The firewall requirement comes first since the first technical layer of information security is generally at the network level, by preventing "unauthorized access from untrusted networks" (PCI DSS 3.2, p.20) . Firewall functionality can be provided by multiple types of devices, from firewalls themselves to routers and switches, all of which can be physical devices or even virtual ones. Whenever we refer to 'firewall', we refer to the devices providing that functionality. The goal of requirement 1 is to reduce access to the network to the smallest number possible that are required for business. As with in everything in PCI DSS and information security, we should always default to "closed", meaning that we start in a locked-down secure state and then only open what is required for business.
The PCI DSS requires the presence of an externally-facing demilitarized zone (DMZ) for all systems that are exposed to what PCI DSS calls "open, public networks" (networks not under the organization's control), most often referring to the internet.

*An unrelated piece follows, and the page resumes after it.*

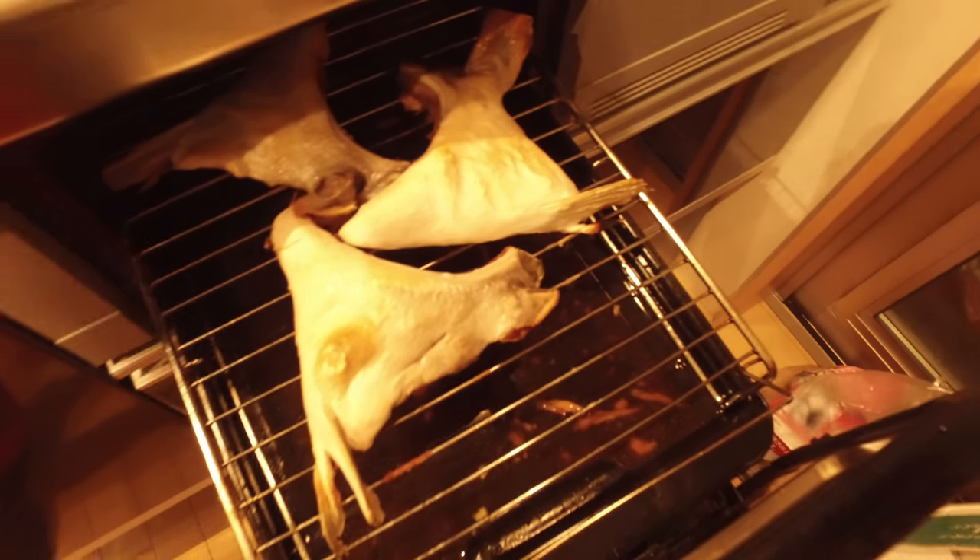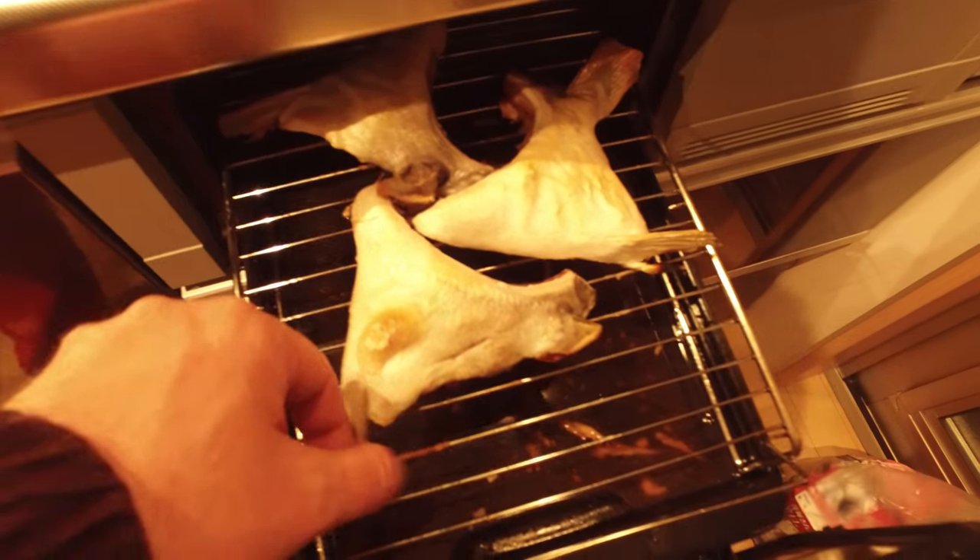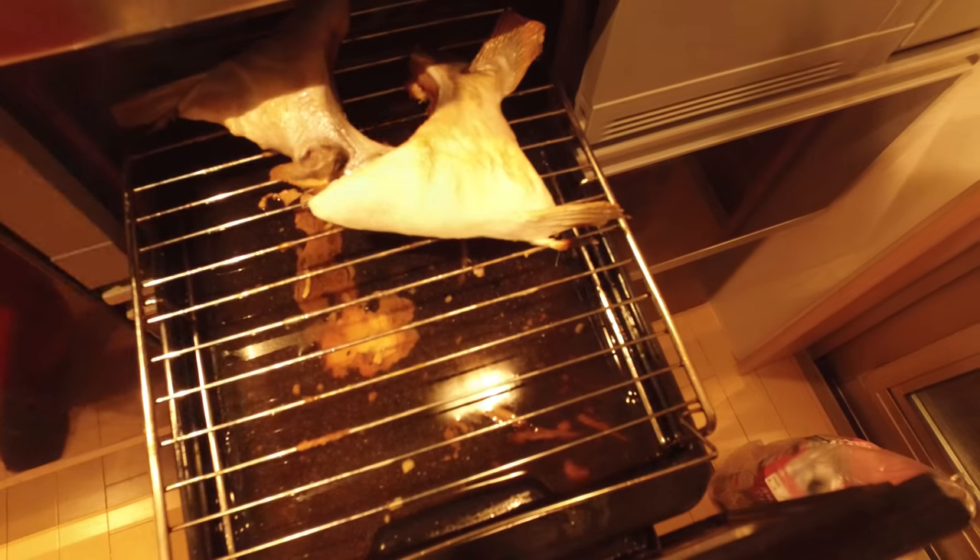There it is. It's complete. And you can see the smoke coming off of this. And that looks good.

The goal of this intermediate zone is to make an attacker's job more difficult by having them need to subvert a first set of systems with limited access to the internal network.
And while segmenting the internal network to create the CDE (the internal PCI zone) is not a PCI DSS requirement, it is a strong recommendation from both the council and most information security practitioners. In the absence of adequate network segmentation, the complete internal network is in scope and forms the CDE.
One often forgotten item is the fact to no system in the CDE should access the internet directly. In fact, for security's sake, standard best practices dictate that most systems in an organization should never access the internet directly (if this can be avoided), but should go through filtering systems that may restrict access to undesirable sites (undesirable is to be defined by the organization) including filtering for malware or illegal sites. Many attacks involve the use of social engineering, such as phishing emails, to users who click on links to infected sites which leverage web browser vulnerabilities to infect the end-user's computer and give an entry point on the network for the attacker.
PCI DSS calls for Firewall Configuration Standards to be established. Those standards cover default initial (and secure) configurations (covered in requirement 2 hardening for other types of systems) as well as the process to manage changes to the firewall. The firewall devices must be managed so that any changes are appropriately approved, and the rules allowing for traffic must be reviewed periodically (at least twice a year).
Documentation of the scope, covered in the PCI DSS Scoping Model and Approach is also part of this requirement from a network and data flow perspective, but the complete scope includes more than these requirements.
Personal Firewall (requirement 1.4) will be covered along with other Remote Access requirements.